I have a big correlation matrix and I want to get the column numbers of those columns with 1 in them (except the diagonal). Here is what I did that doesn't work:
# A toy example
m <- matrix(c(1,0,1,0,1,0,1,0,1), ncol = 3 , nrow = 3)
m <- m - diag(nrow(m)) #Removing 1's from the diagonal
col(m[which(m == 1)])
Is there any efficient solution for gigantic matrices?

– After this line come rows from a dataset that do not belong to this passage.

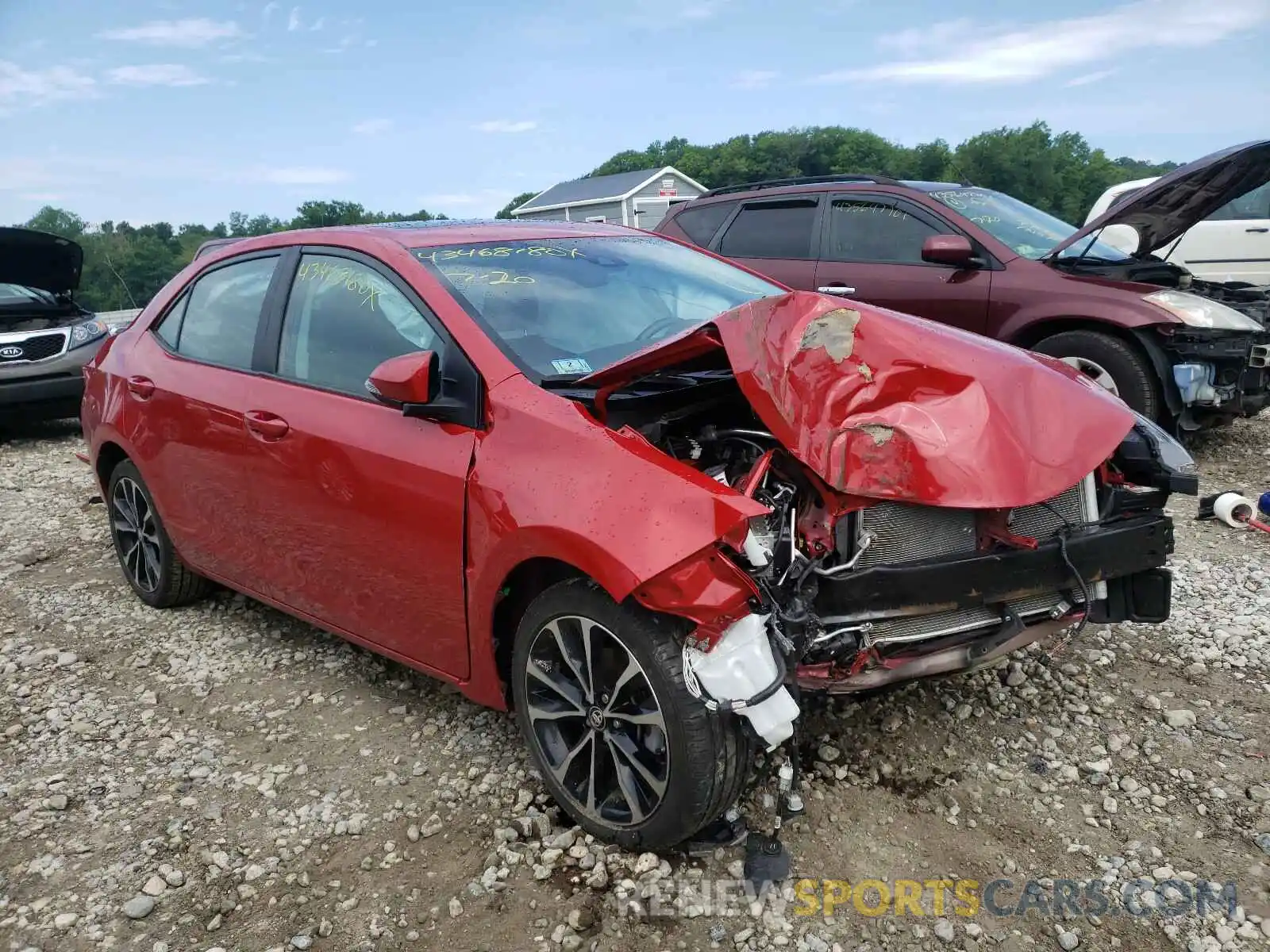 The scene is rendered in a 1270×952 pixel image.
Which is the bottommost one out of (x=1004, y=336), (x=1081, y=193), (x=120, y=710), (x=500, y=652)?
(x=120, y=710)

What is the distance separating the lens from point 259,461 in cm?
345

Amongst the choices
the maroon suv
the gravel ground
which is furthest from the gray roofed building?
the gravel ground

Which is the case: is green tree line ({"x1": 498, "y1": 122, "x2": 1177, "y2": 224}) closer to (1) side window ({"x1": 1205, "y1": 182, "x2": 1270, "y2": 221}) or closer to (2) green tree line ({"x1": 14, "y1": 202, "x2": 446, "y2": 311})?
(2) green tree line ({"x1": 14, "y1": 202, "x2": 446, "y2": 311})

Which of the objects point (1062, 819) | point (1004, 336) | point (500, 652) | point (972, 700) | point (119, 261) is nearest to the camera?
point (1062, 819)

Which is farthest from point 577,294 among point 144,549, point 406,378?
point 144,549

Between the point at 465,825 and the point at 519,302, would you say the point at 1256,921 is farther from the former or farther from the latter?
the point at 519,302

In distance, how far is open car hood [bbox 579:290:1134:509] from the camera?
237 cm

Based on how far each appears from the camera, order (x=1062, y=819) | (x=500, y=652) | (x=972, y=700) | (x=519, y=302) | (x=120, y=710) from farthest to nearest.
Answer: (x=120, y=710) < (x=972, y=700) < (x=519, y=302) < (x=500, y=652) < (x=1062, y=819)

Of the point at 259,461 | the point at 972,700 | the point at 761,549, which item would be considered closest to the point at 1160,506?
the point at 972,700

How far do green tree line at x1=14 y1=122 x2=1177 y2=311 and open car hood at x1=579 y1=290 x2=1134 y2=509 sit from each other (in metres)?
20.1

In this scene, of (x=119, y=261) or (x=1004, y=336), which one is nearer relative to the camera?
(x=1004, y=336)

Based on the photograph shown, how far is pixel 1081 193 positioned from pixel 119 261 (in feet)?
141

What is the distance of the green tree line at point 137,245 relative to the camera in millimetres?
11547

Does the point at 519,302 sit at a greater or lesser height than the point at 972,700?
greater
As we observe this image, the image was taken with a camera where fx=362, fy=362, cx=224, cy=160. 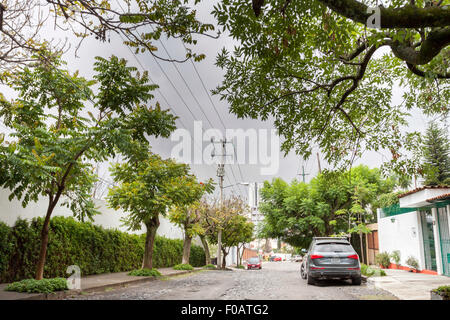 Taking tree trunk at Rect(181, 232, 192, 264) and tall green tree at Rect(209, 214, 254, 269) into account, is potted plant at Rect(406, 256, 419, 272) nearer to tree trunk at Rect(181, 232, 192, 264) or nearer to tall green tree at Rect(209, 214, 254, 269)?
tree trunk at Rect(181, 232, 192, 264)

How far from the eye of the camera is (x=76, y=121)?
11328mm

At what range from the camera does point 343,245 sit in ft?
42.3

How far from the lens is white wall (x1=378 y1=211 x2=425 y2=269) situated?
59.7ft

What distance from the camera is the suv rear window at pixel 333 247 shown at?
12.7 m

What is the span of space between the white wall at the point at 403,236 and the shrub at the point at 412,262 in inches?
7.3

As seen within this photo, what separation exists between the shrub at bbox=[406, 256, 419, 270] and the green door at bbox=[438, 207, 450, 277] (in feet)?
8.21

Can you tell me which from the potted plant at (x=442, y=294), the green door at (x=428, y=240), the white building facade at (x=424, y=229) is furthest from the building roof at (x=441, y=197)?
the potted plant at (x=442, y=294)

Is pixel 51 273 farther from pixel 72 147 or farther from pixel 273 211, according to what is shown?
pixel 273 211

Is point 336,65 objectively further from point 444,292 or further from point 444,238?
point 444,238

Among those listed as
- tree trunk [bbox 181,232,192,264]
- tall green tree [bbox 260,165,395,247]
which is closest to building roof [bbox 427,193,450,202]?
tall green tree [bbox 260,165,395,247]

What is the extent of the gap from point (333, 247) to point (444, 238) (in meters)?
6.30

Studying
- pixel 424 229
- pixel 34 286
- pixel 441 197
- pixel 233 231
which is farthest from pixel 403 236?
pixel 34 286

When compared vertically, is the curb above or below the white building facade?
below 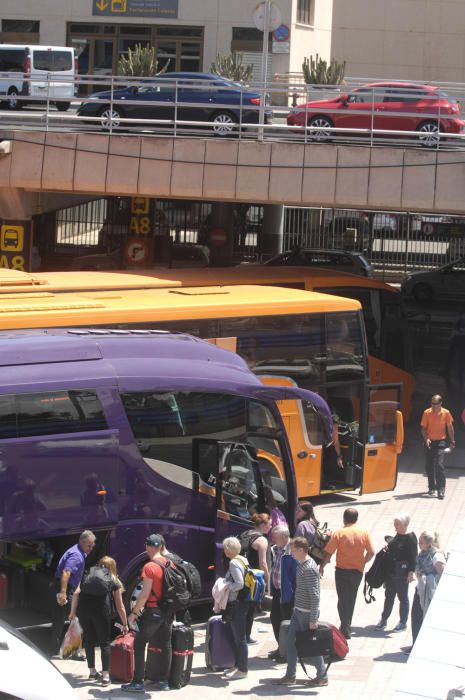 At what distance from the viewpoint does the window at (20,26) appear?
4384 centimetres

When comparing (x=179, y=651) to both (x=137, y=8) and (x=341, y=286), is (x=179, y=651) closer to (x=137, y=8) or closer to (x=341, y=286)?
(x=341, y=286)

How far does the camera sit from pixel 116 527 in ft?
37.6

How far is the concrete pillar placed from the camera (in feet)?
122

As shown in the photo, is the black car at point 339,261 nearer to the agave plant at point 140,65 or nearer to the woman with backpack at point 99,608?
the agave plant at point 140,65

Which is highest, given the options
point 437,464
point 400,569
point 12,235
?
point 12,235

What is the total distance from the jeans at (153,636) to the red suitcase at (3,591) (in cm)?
194

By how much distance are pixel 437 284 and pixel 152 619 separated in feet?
93.3

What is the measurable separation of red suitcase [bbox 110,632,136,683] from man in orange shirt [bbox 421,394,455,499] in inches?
326

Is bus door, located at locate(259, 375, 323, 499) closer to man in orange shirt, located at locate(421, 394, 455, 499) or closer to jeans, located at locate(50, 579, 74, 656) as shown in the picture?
man in orange shirt, located at locate(421, 394, 455, 499)

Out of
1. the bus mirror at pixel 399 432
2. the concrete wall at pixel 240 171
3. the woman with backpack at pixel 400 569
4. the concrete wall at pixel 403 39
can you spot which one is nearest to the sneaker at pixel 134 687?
the woman with backpack at pixel 400 569

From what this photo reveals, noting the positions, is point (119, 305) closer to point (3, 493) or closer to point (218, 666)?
point (3, 493)

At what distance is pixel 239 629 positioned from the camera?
10.5 metres

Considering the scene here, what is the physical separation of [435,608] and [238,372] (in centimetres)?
580

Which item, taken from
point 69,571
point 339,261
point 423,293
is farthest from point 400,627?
point 423,293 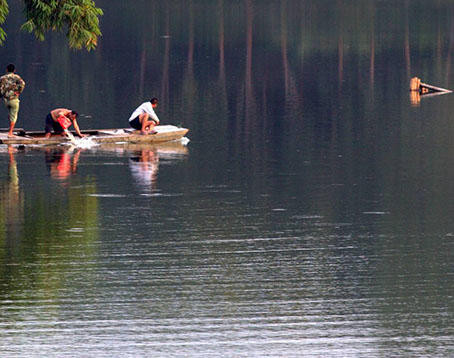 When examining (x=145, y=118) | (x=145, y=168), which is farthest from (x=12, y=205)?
(x=145, y=118)

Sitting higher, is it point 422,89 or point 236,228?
point 422,89

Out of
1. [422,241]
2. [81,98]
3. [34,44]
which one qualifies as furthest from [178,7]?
[422,241]

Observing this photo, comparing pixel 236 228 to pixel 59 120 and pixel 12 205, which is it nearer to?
pixel 12 205

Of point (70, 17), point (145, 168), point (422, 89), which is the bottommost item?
point (145, 168)

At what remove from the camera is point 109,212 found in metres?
20.7

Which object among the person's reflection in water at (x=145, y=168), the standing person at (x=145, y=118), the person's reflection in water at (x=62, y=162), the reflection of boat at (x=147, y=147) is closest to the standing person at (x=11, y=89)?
Result: the person's reflection in water at (x=62, y=162)

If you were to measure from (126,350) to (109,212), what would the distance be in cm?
792

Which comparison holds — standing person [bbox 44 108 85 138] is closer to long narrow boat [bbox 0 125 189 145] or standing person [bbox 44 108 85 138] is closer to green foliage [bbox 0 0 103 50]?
long narrow boat [bbox 0 125 189 145]

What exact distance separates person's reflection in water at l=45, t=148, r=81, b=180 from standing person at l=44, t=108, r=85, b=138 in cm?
72

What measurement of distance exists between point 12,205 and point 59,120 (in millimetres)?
7876

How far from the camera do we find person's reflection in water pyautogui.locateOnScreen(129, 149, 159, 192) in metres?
23.9

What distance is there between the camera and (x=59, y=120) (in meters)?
29.0

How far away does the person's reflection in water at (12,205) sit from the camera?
63.7 ft

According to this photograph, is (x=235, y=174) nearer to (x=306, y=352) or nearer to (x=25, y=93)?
(x=306, y=352) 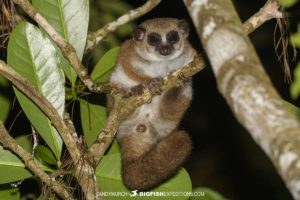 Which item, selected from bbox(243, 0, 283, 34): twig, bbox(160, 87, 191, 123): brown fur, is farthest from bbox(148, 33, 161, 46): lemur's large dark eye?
bbox(243, 0, 283, 34): twig

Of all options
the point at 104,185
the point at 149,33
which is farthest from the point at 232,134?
the point at 104,185

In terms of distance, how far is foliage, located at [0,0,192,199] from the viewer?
3482 mm

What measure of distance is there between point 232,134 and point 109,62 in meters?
3.37

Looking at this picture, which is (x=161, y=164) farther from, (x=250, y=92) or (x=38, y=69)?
(x=250, y=92)

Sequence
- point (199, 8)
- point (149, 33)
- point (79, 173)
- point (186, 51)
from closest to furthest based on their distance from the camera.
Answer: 1. point (199, 8)
2. point (79, 173)
3. point (186, 51)
4. point (149, 33)

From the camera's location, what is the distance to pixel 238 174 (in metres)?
7.41

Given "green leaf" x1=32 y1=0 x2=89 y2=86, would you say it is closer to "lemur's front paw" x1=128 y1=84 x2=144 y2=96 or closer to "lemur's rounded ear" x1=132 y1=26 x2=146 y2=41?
"lemur's front paw" x1=128 y1=84 x2=144 y2=96

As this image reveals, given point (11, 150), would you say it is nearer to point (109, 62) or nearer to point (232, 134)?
point (109, 62)

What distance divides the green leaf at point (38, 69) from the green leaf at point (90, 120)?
48 cm

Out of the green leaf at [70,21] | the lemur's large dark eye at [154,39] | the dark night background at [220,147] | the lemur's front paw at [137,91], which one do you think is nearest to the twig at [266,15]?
the lemur's front paw at [137,91]

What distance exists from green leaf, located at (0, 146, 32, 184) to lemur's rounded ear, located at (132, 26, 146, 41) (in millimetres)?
1749

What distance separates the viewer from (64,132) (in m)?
3.39

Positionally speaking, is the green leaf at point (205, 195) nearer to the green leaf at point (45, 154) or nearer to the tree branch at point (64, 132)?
the tree branch at point (64, 132)

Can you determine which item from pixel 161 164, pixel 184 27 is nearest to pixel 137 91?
pixel 161 164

CodePudding user response:
Base R
I'm not sure that this way is efficient for your case but you may try
cols <- c()
for (i in 1:ncol(m)){
if (any(m[,i] == 1 && !any(is.na(m[,i])))){
cols <- c(cols,i)
}
}
cols
[1] 1 3
dplyr
style
From your comment, I'll let m
as dataframe beforehand.
m <- as.data.frame(m)
n <- m %>%
dplyr::summarise(across(everything(), ~any(.x == 1) )) %>%
select_if(function(x) x == TRUE) %>%
names
which(colnames(m) %in% n)
[1] 1 3
CodePudding user response:
A solution that takes advantage of the arr.ind
argument in which()
:
# data
m <- matrix(c(1,0,1,0,1,0,1,0,1), ncol = 3 , nrow = 3)
m <- m - diag(nrow(m))
# extract array indices of those elements which are equal to 1
(idx <- which(m == 1, arr.ind = TRUE))
#> row col
#> [1,] 3 1
#> [2,] 1 3
# extract the (unique) col indices
unique(idx[, "col"])
#> [1] 1 3
# Let's test it with a bigger matrix
set.seed(1)
sample_0_1 <- sample(c(0L, 1L), size = 1e8, replace = TRUE, prob = c(0.999999, 0.000001))
m <- matrix(sample_0_1, nrow = 1e4, ncol = 1e4)
system.time(unique(which(m == 1L, arr.ind = TRUE)[, "col"]))
#> user system elapsed
#> 0.36 0.08 0.59
Created on 2021-09-30 by the reprex package (v2.0.1)
This is probably not the best approach, but it may be good enough for your problem.